In the talk, we describe asymptotic preserving schemes for the shallow water equations with Corriolis forces and compressible Euler equations (based on a new hyperbolic splitting and accurate and efficient elliptic numerical solver) and show an asymptotic analysis of the schemes, which is a very important step in ensuring that our method becomes an accurate and efficient solver in the limiting regimes. A number of numerical examples will also be provided to illustrate the performance of the proposed numerical approach.

**Title: **The Stability of Hydrostatic Reconstruction Method for Euler Equation with Gravity

**Abstract: **The hydrostatic reconstruction methods (HR) are a widely used method for the simulation of the shallow water simulations. due to its robustness including the well-balancing and positivity. While the entropy stability is not fully discussed. The orignal version [SISC 2004] and even our revisded version [SINUM 2017] only analysised the semi-discrete entropy inequality. Recently, Audusse et al [Math. Comput. 2016] gives a vise example while violate the full-discrete entropy inequality and proved that, if the kinetic numerical flux is used, the scheme satisfies a relaxed full-discrete iequality but with a error term which will vanish when the mesh size goes to zero. Later, Berthon and Chalons [J. Scient. Comput. 2019] modifed the HRmethod by adding an extra numerical viscosity on the approximate Riemann Solver, and proved that the modifed scheme satisfies the full discrete entropy inequality.

In this talk, we will introduce our updated result on this topic. We extend the HR scheme to the Euler equation with gravity, and prove that the scheme satisfies the full-discrete entropy inequality with an high order error term where the numerical flux only need to satisfy the full discrete entropy for the homogeneous case.

In some applications, the source term is significantly sensitive to the underlying solution, which is called a stiff source term. The stiffness in the source term introduces additional difficulty for designing a scheme that is both efficient and well-balanced. To this end, we will introduce a new semi-implicit Runge-Kutta time integration method that achieves both desired properties.

**Title**: Random Batch Methods for Interacting
Particle Systems and its Applications in Consensus-based High Dimensional Global
Optimization in Machine Learning

**Abstract**: We develop random batch methods for interacting
particle systems with large number of particles. These methods use small but
random batches for particle interactions, thus the computational cost is reduced from
O(N^2) per time step to O(N), for a

system with N particles with binary interactions.
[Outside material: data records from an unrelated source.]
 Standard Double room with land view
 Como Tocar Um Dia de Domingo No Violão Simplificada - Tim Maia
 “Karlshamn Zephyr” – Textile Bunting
For one of the methods, we give a particle number independent error estimate under some special interactions. Then, we apply these methods to some representative problems in mathematics, physics, social and data sciences, including the Dyson Brownian motion from random matrix theory, Thomson's problem, distribution of wealth, opinion dynamics and clustering. Numerical results show that the methods can capture both the transient solutions and the global equilibrium in these problems.
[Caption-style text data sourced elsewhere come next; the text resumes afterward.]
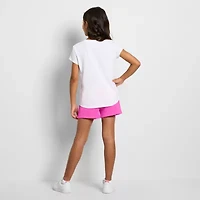 PUMA Big Kid Girls 2-pc. Short Set
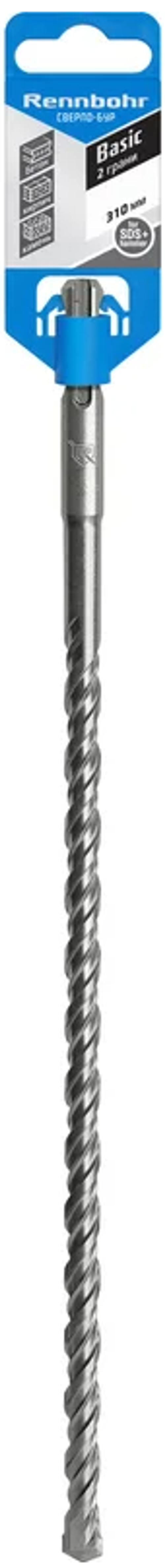 Бур 12х310мм СДС+ Renbohr Basic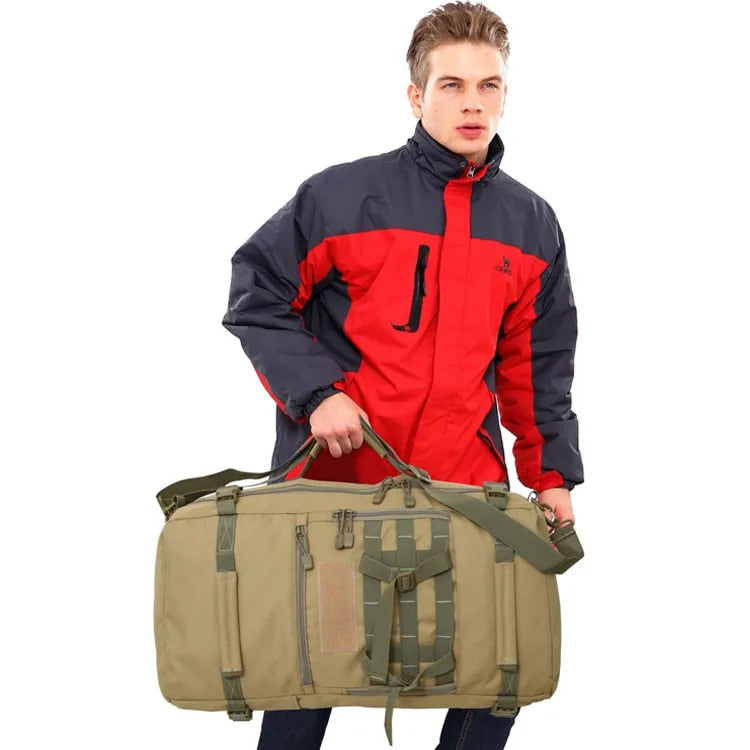 Vimora™ 50L Tactical Hiking Backpack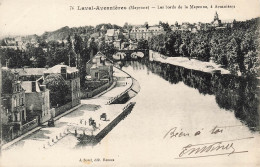 FRANCE - Laval - Avesnières - Les Bords De La Mayenne - Carte Postale Ancienne - Laval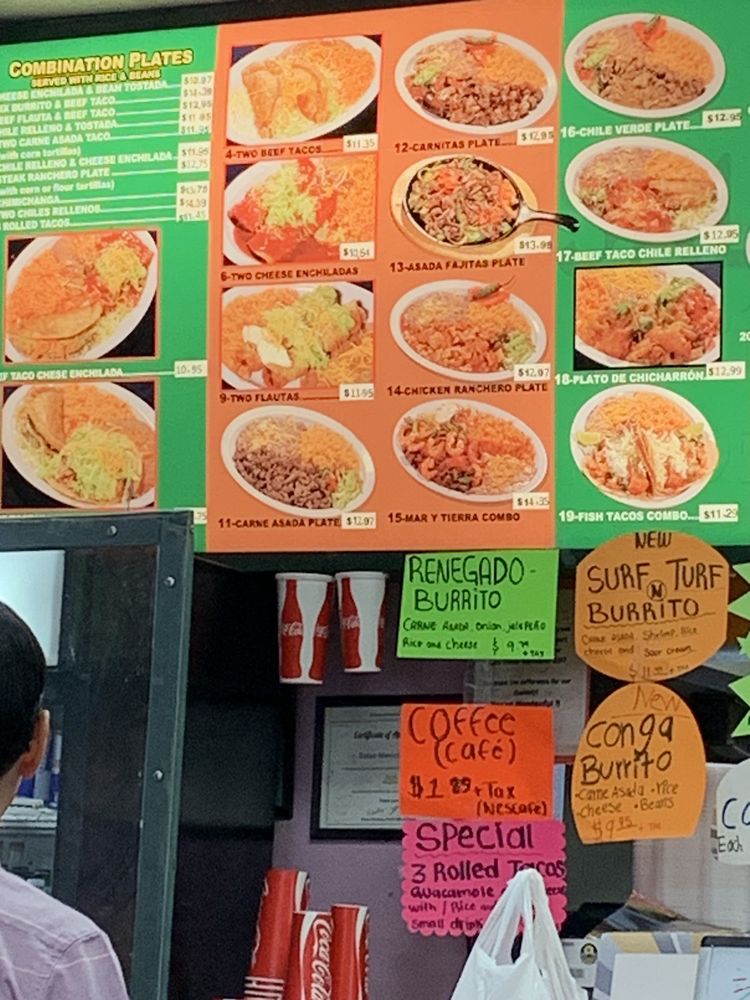 Salsa Mexican Food
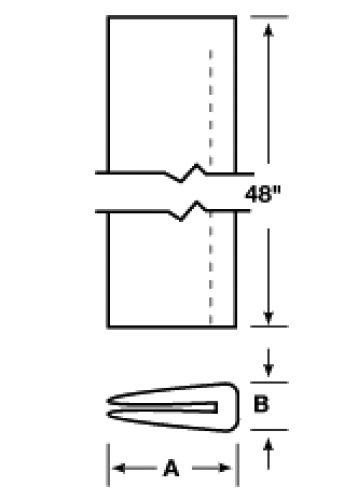 Line Diagram - Conductive Edge Liners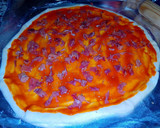 Foto del paso 26 de la receta: Pizza casera con borde de queso (de jamón) - no más masa pegada✋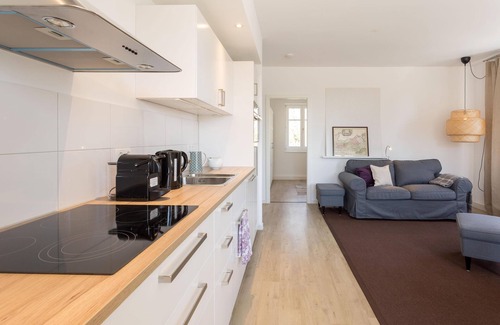 Garz/Rugen Apartment | Herthaquelle Appartements - Wohnung 2 "frl. Hertha"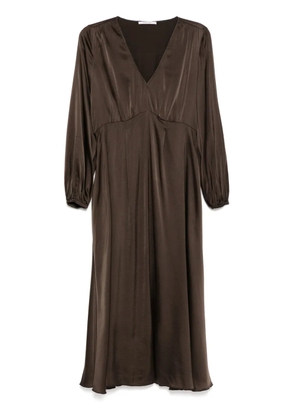 Transit long sleeves dress - Brown
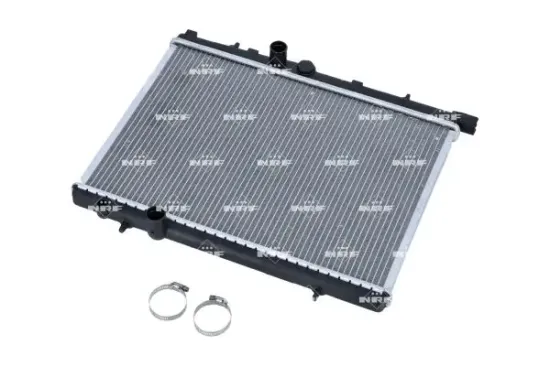 Kühler, Motorkühlung NRF 509525 Bild Kühler, Motorkühlung NRF 509525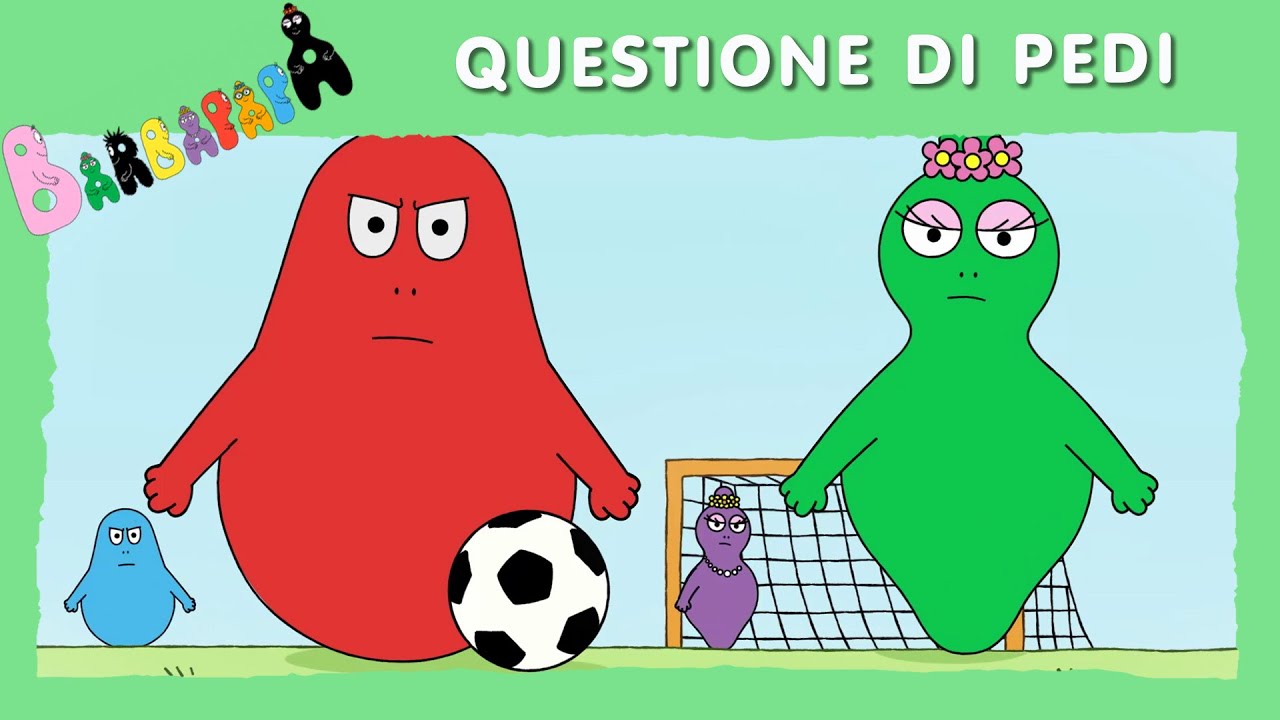 Barbapapà EP44 : Questione di piedi - EPISODIO COMPLETO (italiano)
We also apply this method and improve the consensus-based global optimization algorithm for high dimensional machine learning problems. This method does not require taking gradient in finding global minima for non-convex functions in high dimensions.

**Title**: Positive and Asymptotic Preserving Approximation of the Radiation Transport Equation

**Abstract**: We introduce a (linear) positive and asymptotic-preserving method for solving the one-group radiation transport equation. The approximation in space is discretization agnostic: the space approximation can be done with continuous or discontinuous finite elements (or finite volumes, or finite differences). The method is formally first-order accurate in space in the streaming regim. This type of accuracy is consistent with Godunov's theorem since the method is linear. The two key theoretical results are that: (1) the method is positive and (2) the method is asymptotic preserving (meaning that it is robust in the diffusion limit when the mean free path is significantly larger than the mesh size). The method is illustrated with continuous finite elements. It is observed to converge with the rate $\calO(h)$ in the $L^2$-norm on manufactured solutions, and it is $\calO(h^2)$ in the diffusion regime. Unlike other standard techniques, the proposed method does not suffer from overshoots at the interfaces of optically thin and optically thick regions

**Title**: Finite Volume WENO Schemes for Nonlinear Parabolic Problems with Degenerate Diffusion on Non-uniform Meshes

**Abstract**: We consider numerical approximation of the degenerate advection-diffusion equation, which is formally parabolic but may exhibit hyperbolic behavior. We develop both explicit and implicit finite volume weighted essentially non-oscillatory (WENO) schemes in multiple space dimensions on non-uniform computational meshes. The diffusion degeneracy is reformulated through the use of the Kirchhoff transformation. Space is discretized using WENO reconstructions with adaptive order (WENO-AO), which have several advantages, including the avoidance of negative linear weights and the ability to handle irregular computational meshes. A special two-stage WENO reconstruction procedure is developed to handle degenerate diffusion. Element averages of the solution are first reconstructed to give point values of the solution, and these point values are in turn used to reconstruct the Kirchhoff transform variable of the diffusive flux. Time is discretized using the method of lines and a Runge-Kutta time integrator. We use Strong Stability Preserving (SSP) Runge-Kutta methods for the explicit schemes, which have a severe parabolically scaled time step restriction to maintain stability. We also develop implicit Runge-Kutta methods. SSP methods are only conditionally stable, so we discuss the use of L-stable Runge-Kutta methods. We present in detail schemes that are third order in both space and time in one and two space dimensions using non-uniform meshes of intervals or quadrilaterals. Efficient implementation is described for computational meshes that are logically rectangular. Through a von Neumann (or Fourier mode) stability analysis, we show that smooth solutions to the linear problem are unconditionally L-stable on uniform computational meshes when using an implicit Radau IIA Runge-Kutta method. Computational results show the ability of the schemes to accurately approximate challenging test problems.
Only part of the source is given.